- DATA EXTRACT:
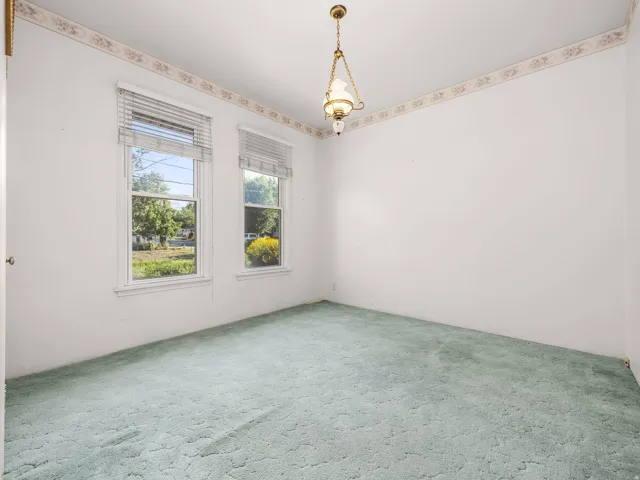 Room featuring light green carpeting, white walls with decorative wallpaper border, and two double-hung windows with blinds
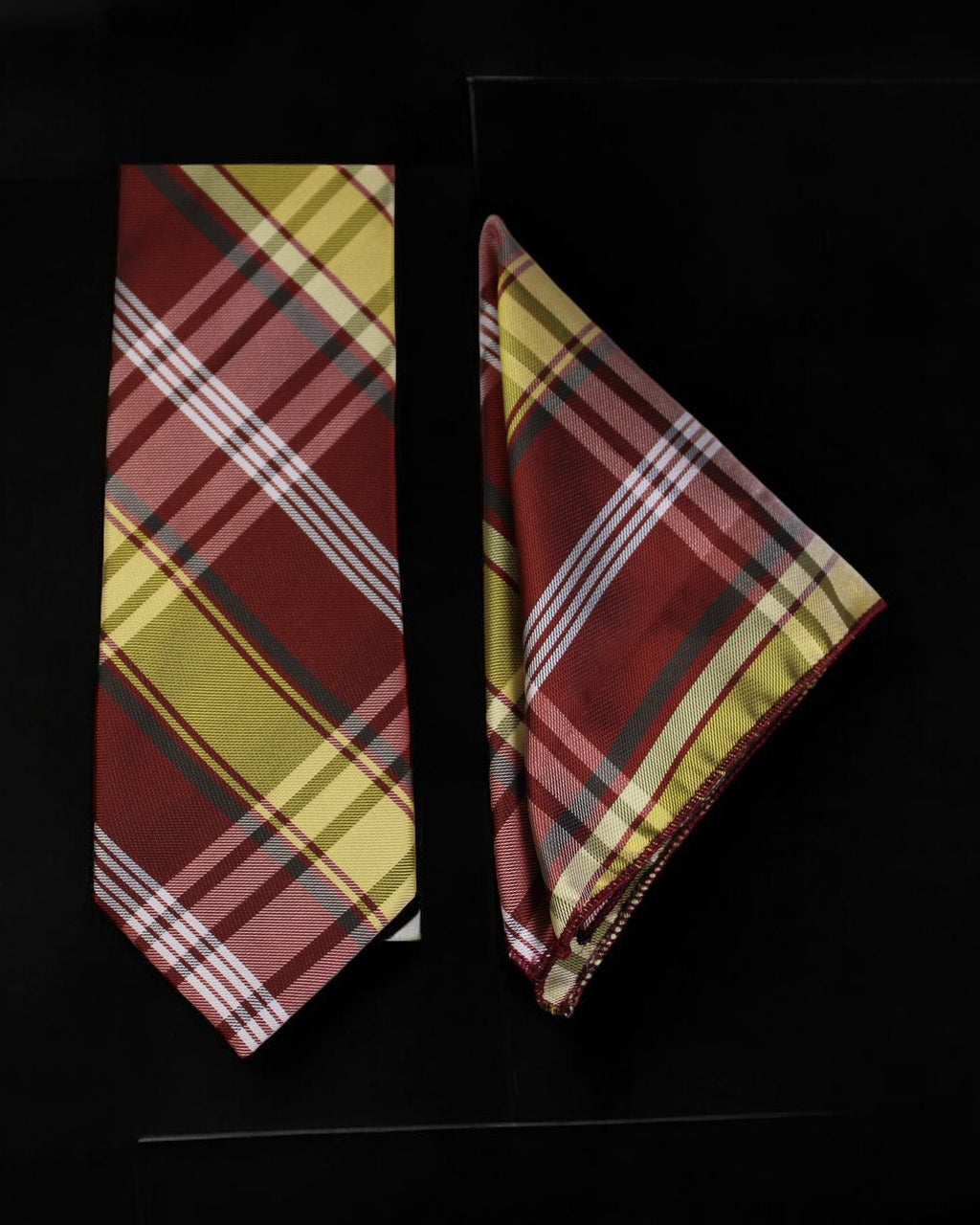Plaid tie and pocket square set on a black background Tie Benon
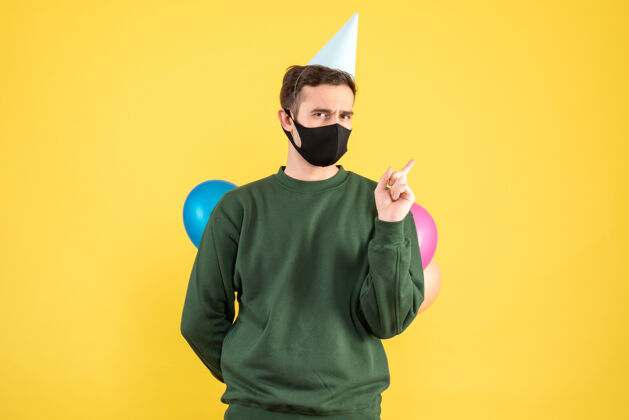 隐藏正面图：戴着派对帽的年轻人和五颜六色的气球把气球藏在背后站在黄色的地板上年轻人人年轻人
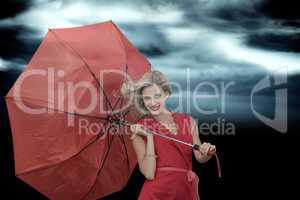 Composite image of smiling blonde holding umbrella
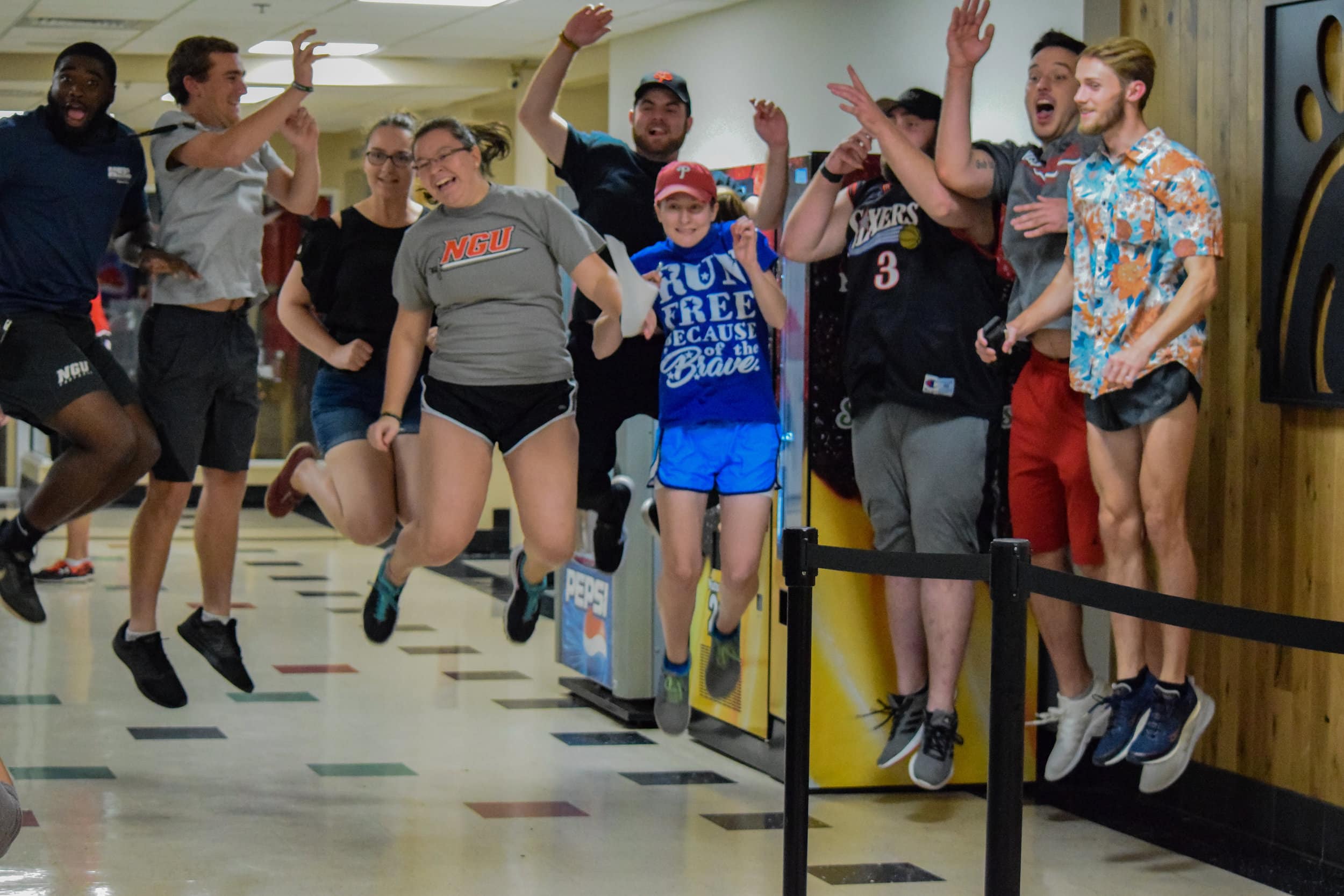 The criminal justice club jumps for joy as they get ready to set off on the race.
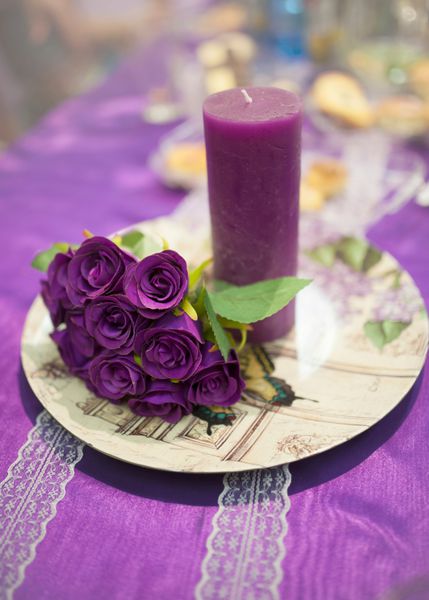 عروسی جشن دکوراسیون گل و گیاه گل های بنفش و شمع بر روی صفحه زیور آلات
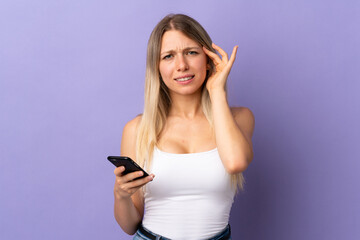 Young blonde woman using mobile phone isolated on purple background unhappy and frustrated with...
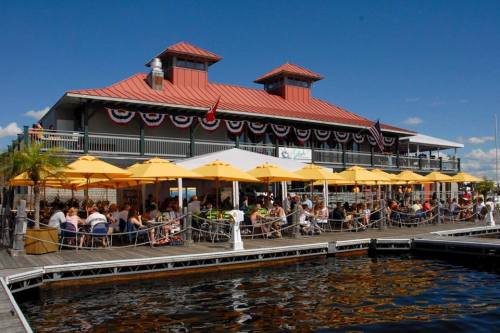A waterfront restaurant with a red-roofed building, outdoor seating under yellow umbrellas, and festive decorations.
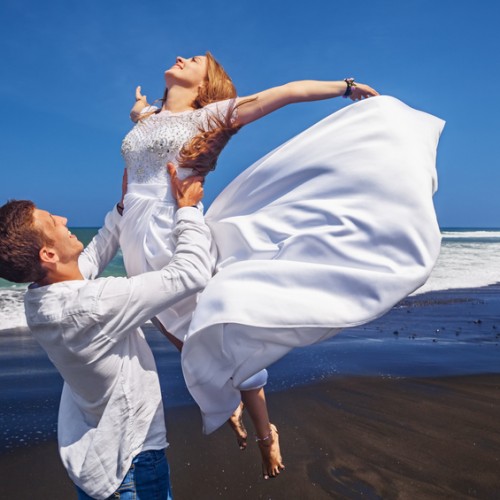 Young loving couple have fun on sea black sand beach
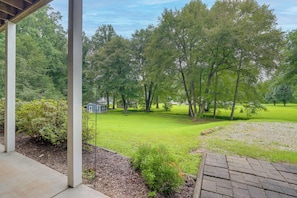 A covered outdoor area with a paved walkway, a grassy lawn, and a view of a residential property with trees and a house.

- EXERCISE INSTRUCTIONS:
The whole listing is to be written out exactly; the pictures stay out of the copy.

- SOLUTION:
 Room featuring light green carpeting, white walls with decorative wallpaper border, and two double-hung windows with blinds
Plaid tie and pocket square set on a black background Tie Benon
 隐藏正面图：戴着派对帽的年轻人和五颜六色的气球把气球藏在背后站在黄色的地板上年轻人人年轻人
 Composite image of smiling blonde holding umbrella
 The criminal justice club jumps for joy as they get ready to set off on the race.
 عروسی جشن دکوراسیون گل و گیاه گل های بنفش و شمع بر روی صفحه زیور آلات
 Young blonde woman using mobile phone isolated on purple background unhappy and frustrated with...
A waterfront restaurant with a red-roofed building, outdoor seating under yellow umbrellas, and festive decorations.
 Young loving couple have fun on sea black sand beach
 A covered outdoor area with a paved walkway, a grassy lawn, and a view of a residential property with trees and a house.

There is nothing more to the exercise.